Copper industry needs USD 100 million investment to meet global demand
The global copper industry needs to spend more than $100 billion to build mines capable of closing what could be an annual supply shortfall of 4.7 million tonnes by 2030, Erik Heimlich said this week. Head of Base Metals Sourcing at CRU.
Speaking at the CRU 2022 World Copper Conference held in Santiago, Chile, the analyst said the supply shortfall for the next decade is estimated at six million tonnes per year, while as the clean energy and electric vehicle sectors grow.
This means the world would need to build eight projects the size of BHP’s Escondida in Chile, the world’s largest copper mine, over the next eight years. Such a task, Heimlich said, seems questionable – “possible” rather than “probable”, given the larger-scale developments required and the fact that about half of the current projects are new projects.

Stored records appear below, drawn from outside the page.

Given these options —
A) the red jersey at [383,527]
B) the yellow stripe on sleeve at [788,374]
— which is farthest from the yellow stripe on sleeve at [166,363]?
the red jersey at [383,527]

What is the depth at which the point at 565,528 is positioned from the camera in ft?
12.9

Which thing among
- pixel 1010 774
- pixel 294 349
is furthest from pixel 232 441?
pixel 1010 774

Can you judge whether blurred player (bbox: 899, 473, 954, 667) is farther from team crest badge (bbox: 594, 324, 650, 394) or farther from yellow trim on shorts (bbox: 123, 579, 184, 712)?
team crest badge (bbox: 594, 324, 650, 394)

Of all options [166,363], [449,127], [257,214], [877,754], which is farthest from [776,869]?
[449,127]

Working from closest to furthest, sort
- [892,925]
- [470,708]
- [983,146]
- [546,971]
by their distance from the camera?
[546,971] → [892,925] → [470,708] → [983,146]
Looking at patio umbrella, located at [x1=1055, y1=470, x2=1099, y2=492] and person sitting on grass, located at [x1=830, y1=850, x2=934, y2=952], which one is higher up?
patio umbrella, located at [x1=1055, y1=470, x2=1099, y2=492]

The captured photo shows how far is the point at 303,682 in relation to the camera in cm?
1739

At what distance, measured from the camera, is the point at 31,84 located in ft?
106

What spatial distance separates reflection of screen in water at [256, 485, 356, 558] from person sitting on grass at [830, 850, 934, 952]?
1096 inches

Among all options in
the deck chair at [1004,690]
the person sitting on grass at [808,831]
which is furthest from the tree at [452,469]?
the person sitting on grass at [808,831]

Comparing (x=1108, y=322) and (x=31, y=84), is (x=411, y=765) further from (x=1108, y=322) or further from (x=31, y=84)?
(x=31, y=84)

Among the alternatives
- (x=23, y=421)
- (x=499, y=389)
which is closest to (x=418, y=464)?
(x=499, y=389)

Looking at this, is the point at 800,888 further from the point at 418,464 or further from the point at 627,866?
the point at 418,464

“Historically, completion rates for these projects have been low. Much of the potential new projects in 2012 remain underdeveloped, so there are questions about the ability to meet the supply shortfall efficiently and quickly,” he said, as reported by the Mining Journal .
Some large copper mines have been commissioned in the past three years. First Quatum’s (TSX:FM) Cobre Panama reached commercial production in September 2019. The asset is estimated at 3.1 billion tonnes of proven and probable reserves and at full capacity can produce over 300,000 tonnes of copper per year.
Ivanhoe Mines began copper concentrate production at its Kamoa-Kakula project in the DRC in May last year, reaching commercial production in July.
Anglo American extracted the first ore from its Quellaveco mine, located in the Moquegua region of Peru, in October 2021. The asset is expected to reach commercial production by mid-2022, generating between 120,000 and 160,000 tonnes of copper this year. , and 300,000 tons per year for the first 10 years at full production.
Pipeline of hopes
As copper projects are in the works, producers fear repeating the oversupply mistakes of past cycles by accelerating plans at a time when mines are becoming much harder and more expensive to build.
Metal prices traded around decade highs, although they fell to $10,410 a tonne on Thursday on concerns about demand from China’s top consumer, which is grappling with the worst resurgence of coronavirus cases. covid-19 since the beginning of 2020.
The latest report from Bank of America (BofA) Global Research confirms CRU’s forecast. The bank’s analysts said visibility on the near-term copper project pipeline is good, but increases in activity “will come with a wrinkle.”
“Many of the projects currently being developed have been in the works for almost three decades, and with relatively limited exploration activity in recent years, supply increases could fade from 2025,” the experts said. .
Some of the new supply for the next decade will potentially come from the Reko Diq field in Pakistan, as Barrick Gold reached a deal last week that ended a long-running dispute with the country’s government.
Alcantara Group’s Tampakan project in the Philippines is also expected to help fill the global supply gap, as is Seabridge Gold’s KSM project in British Columbia, Canada.
Rio Tinto is developing a $6.93 billion underground expansion of the giant Oyu Tolgoi copper-gold mine in Mongolia, which has been plagued by delays and cost overruns. The first production has been postponed several times and is now expected in the first half of 2023.
The market is also closely watching what SolGold is doing with its Alpala copper-gold project on the Cascabel property in Ecuador.